- Location: South Australia
- Nearest city: Port Lincoln.<
- Coordinates: 34°47′37″S 135°43′26″E﻿ / ﻿34.79361°S 135.72389°E
- Area: 1.034 km^{2} (0.399 sq mi)
- Established: 11 November 1993
- Governing body: Department for Environment and Water

= Lincoln Conservation Park =

Protected area in South Australia

Lincoln Conservation Park (formerly Lincoln Conservation Reserve) is a protected area in the Australian state of South Australia, located on the Eyre Peninsula within the gazetted locality of Tulka. It is situated on Section 490 in the cadastral unit of the Hundred of Lincoln approximately 15 km southwest of Port Lincoln.

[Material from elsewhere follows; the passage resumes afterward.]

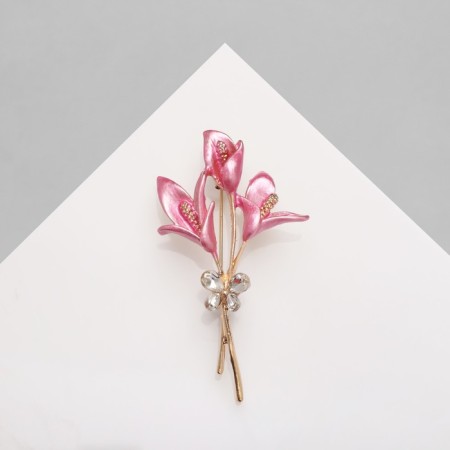 Brooch "Flowers" trio lilies, the color is pink-white in gold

The conservation park was proclaimed on 7 December 2006 under the National Parks and Wildlife Act 1972, recognizing "its contribution to regional biodiversity conservation". The proclamation replaced the area's previous protected status as a conservation reserve, which had been declared under the Crown Lands Act 1929 on 11 November 1993 to conserve vegetation within the Coffin Bay – Jussieu Peninsula catchment zone.

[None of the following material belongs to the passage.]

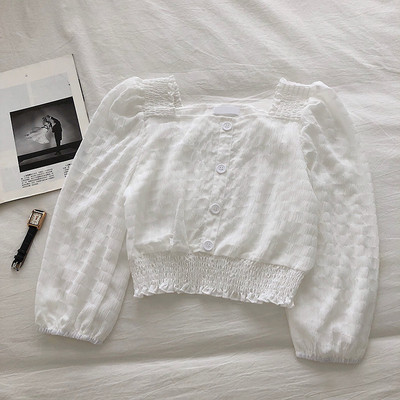 Ikdienas sieviešu krekls ar pogām un kvadrātveida kakla izgriezumu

In 2007, the conservation park was described by its managing authority as follows:The eastern section of the park[sic] consists of undulating limestone plains with low laterite-capped hills, whereas the western section consists of undulating calcarenite plains overlain by sand dunes and coastal dunes or cliffs... Mallee vegetation formations cover most of the park, with coastal white mallee being the dominant species. The regionally rare purple-flowered mallee community is also conserved within this park[sic].

The conservation park is classified as an IUCN Category VI protected area.